Task requirements> Output only the line that contains "Max Mara Long Sleeve Sweater In Brown" and the lines after it, all verbatim, through the last one below.

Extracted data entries
* * * *
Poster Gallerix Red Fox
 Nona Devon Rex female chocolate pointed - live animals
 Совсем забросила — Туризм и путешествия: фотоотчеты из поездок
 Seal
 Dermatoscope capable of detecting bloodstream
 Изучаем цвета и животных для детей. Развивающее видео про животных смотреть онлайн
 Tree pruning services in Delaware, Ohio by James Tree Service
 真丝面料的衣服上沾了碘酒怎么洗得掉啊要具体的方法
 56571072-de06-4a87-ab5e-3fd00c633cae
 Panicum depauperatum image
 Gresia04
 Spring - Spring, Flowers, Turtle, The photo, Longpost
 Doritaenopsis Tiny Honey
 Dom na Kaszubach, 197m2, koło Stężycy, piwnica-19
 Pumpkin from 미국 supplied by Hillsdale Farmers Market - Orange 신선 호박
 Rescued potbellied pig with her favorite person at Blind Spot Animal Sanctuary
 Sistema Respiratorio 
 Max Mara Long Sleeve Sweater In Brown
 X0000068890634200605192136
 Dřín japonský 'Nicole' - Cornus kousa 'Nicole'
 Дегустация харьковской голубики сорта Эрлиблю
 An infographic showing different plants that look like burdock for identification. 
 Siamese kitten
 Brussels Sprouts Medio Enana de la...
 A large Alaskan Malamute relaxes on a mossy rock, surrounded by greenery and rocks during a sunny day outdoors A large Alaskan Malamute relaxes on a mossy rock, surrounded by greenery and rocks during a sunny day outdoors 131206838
* * * *
Solution to this task>
 Max Mara Long Sleeve Sweater In Brown
 X0000068890634200605192136
 Dřín japonský 'Nicole' - Cornus kousa 'Nicole'
 Дегустация харьковской голубики сорта Эрлиблю
 An infographic showing different plants that look like burdock for identification. 
 Siamese kitten
 Brussels Sprouts Medio Enana de la...
 A large Alaskan Malamute relaxes on a mossy rock, surrounded by greenery and rocks during a sunny day outdoors A large Alaskan Malamute relaxes on a mossy rock, surrounded by greenery and rocks during a sunny day outdoors 131206838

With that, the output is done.